Time Efficiency Analysis: As shown in Table 7, the GA algorithm demonstrates superior computational efficiency when measured per unit of improvement. The GA requires only 0.615 min per 1% fitness improvement, compared to 2.33 min for DQN-GA—a 3.79× advantage in time efficiency. This efficiency advantage stems from the GA’s simpler algorithmic structure and lower computational overhead per iteration.
Cost–Performance Trade-off: The cost–performance ratio of 0.305 (calculated as fitness improvement ratio divided by time efficiency ratio) quantifies the trade-off between ultimate performance and computational cost. This value being less than one indicates that, while the DQN-GA provides better final performance (90.2% vs. 78.0% improvement), this additional performance comes at a proportionally higher computational cost. The interpretation of this trade-off depends on application requirements: for applications where ultimate performance is critical, the DQN-GA is preferable despite its higher computational cost; for applications with strict computational constraints, the GA offers a more efficient solution.
Memory Usage Considerations: The memory usage analysis shows that the DQN-GA requires 4.2 GB compared to 0.8 GB for GA—a 5.25× increase. This substantial difference primarily results from the deep neural network component of the DQN, which requires storing network parameters, an experience replay buffer, and optimization states. This memory requirement may limit the application of the DQN-GA in resource-constrained environments.
Iteration-Level Efficiency: Interestingly, at the iteration level, the DQN-GA shows slightly better efficiency, requiring 42 s per episode compared to 48 s per generation for GA. This 12% advantage at the micro-level is overshadowed by the macro-level efficiency difference, highlighting the importance of considering both iteration efficiency and overall convergence speed in algorithm evaluation.
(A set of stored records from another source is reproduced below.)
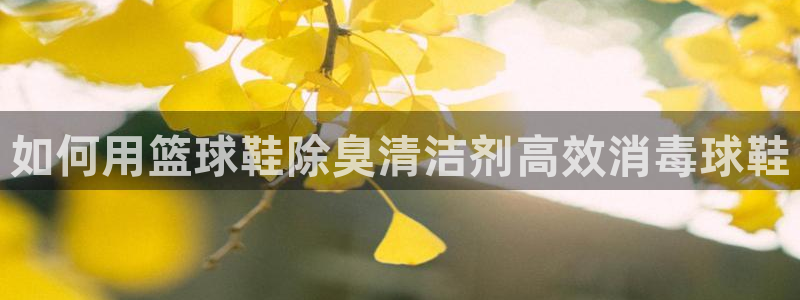 尊龙手机版下载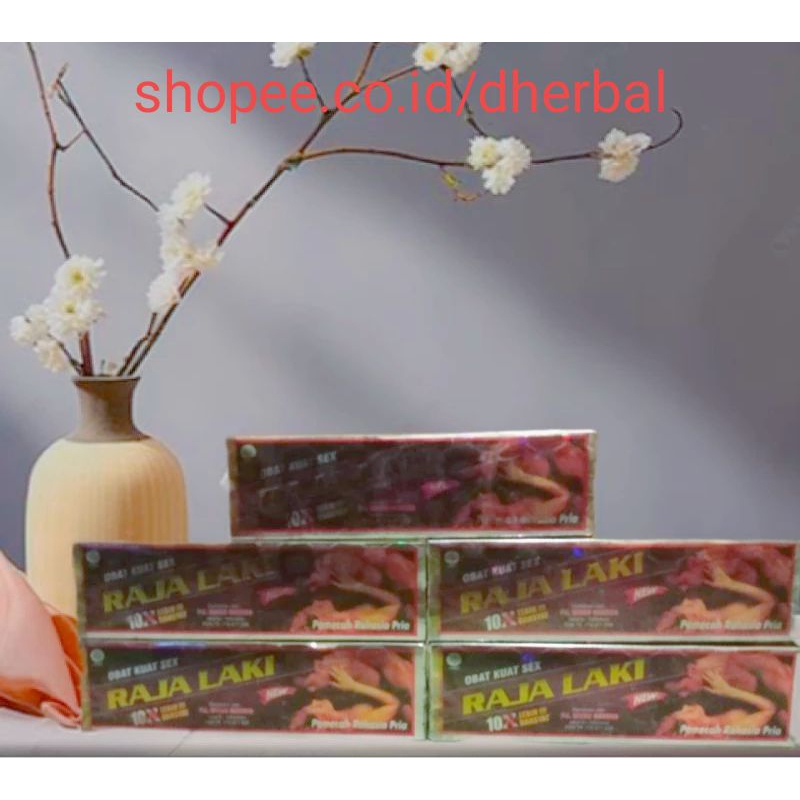 KAPSUL STAMINA RAJA LAKI 10X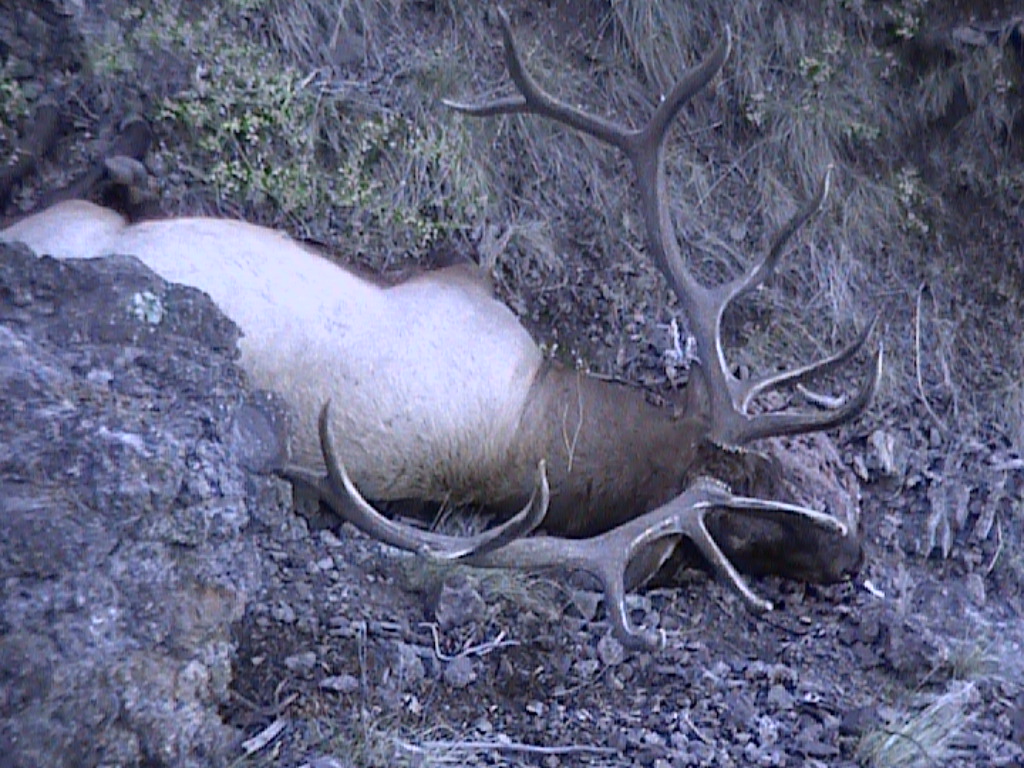 between a rock and a hard spot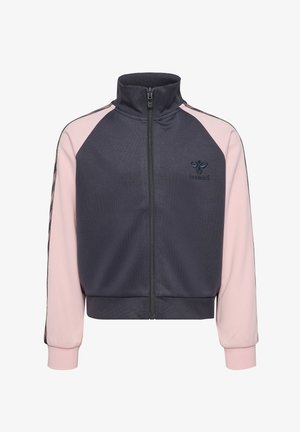 Dunkelgraue Jacke mit Reißverschluss, pinken Ärmeln, geripptem Kragen und gesticktem Logo. Glatte Struktur mit kontrastierenden Farben und seitlichem Streifendetail.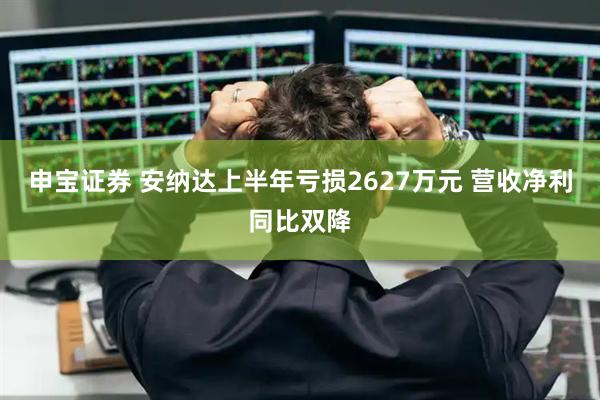 申宝证券 安纳达上半年亏损2627万元 营收净利同比双降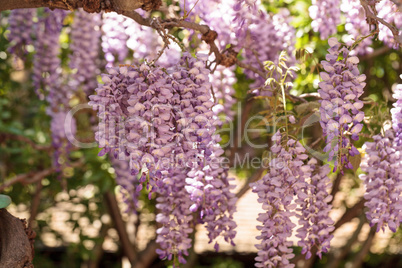 Purple wisteria flowers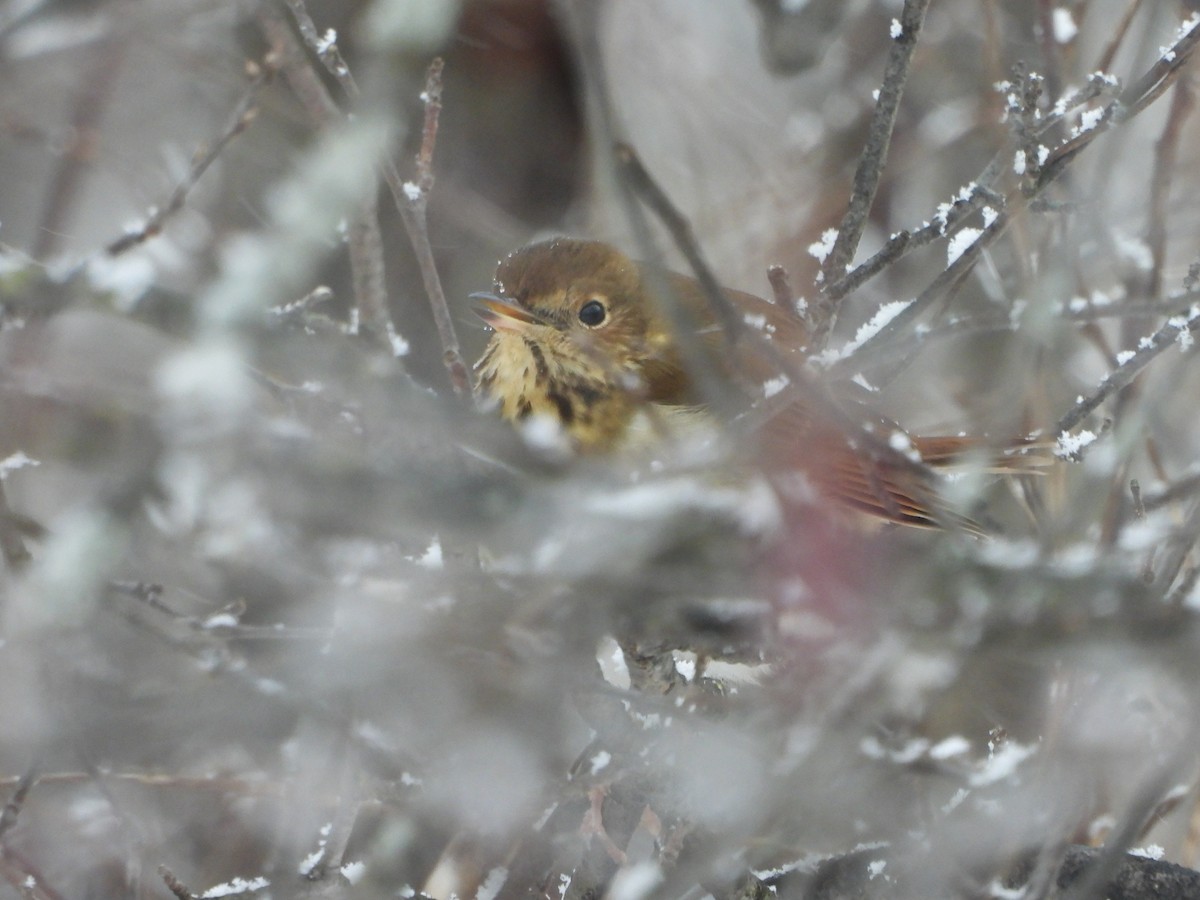 Hermit Thrush - ML645665205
4.3. Practical Implications and Applications

The proposed DQN-GA hybrid algorithm and the optimization results have significant practical implications for high-frequency circuit design and related engineering fields.
Impedance Matching Automation: The algorithm provides an automated solution for impedance matching in high-frequency transmission lines, traditionally a manual and experience-dependent process. By automatically optimizing transmission line parameters to achieve target S-parameters, the method reduces design time and improves consistency.
PCB Design Optimization: For printed circuit board (PCB) design, this method offers a systematic approach to transmission line optimization. The segmented transmission line structure investigated in this study represents a common configuration in high-speed digital circuits and RF applications. The optimization results provide concrete design guidelines for characteristic impedance selection, dielectric material choice, and geometrical parameter determination.
Signal Integrity Enhancement: The significant improvements in S11 and S21 parameters directly translate to enhanced signal integrity in high-frequency systems. Reduced reflection minimizes signal distortion and ringing effects, while improved transmission efficiency ensures signal strength preservation over transmission distances. These benefits are particularly valuable in high-speed digital systems, wireless communication circuits, and radar systems where signal integrity is critical.
Scalability and Generalization: While the current study focuses on a specific transmission line configuration, the methodological framework is generalizable to other high-frequency optimization problems. The combination of the DQN’s exploration capability and the GA’s exploitation efficiency can be adapted to various electromagnetic optimization tasks, including antenna design, filter optimization, and electromagnetic compatibility (EMC) enhancement.
Industrial Application Potential: The algorithm has potential applications in electronic design automation (EDA) tools, where it could be integrated as an optimization module for high-frequency circuit design. The ability to handle complex, non-linear optimization problems makes it suitable for modern high-frequency design challenges, where traditional optimization methods often struggle with local optima and high-dimensional parameter spaces.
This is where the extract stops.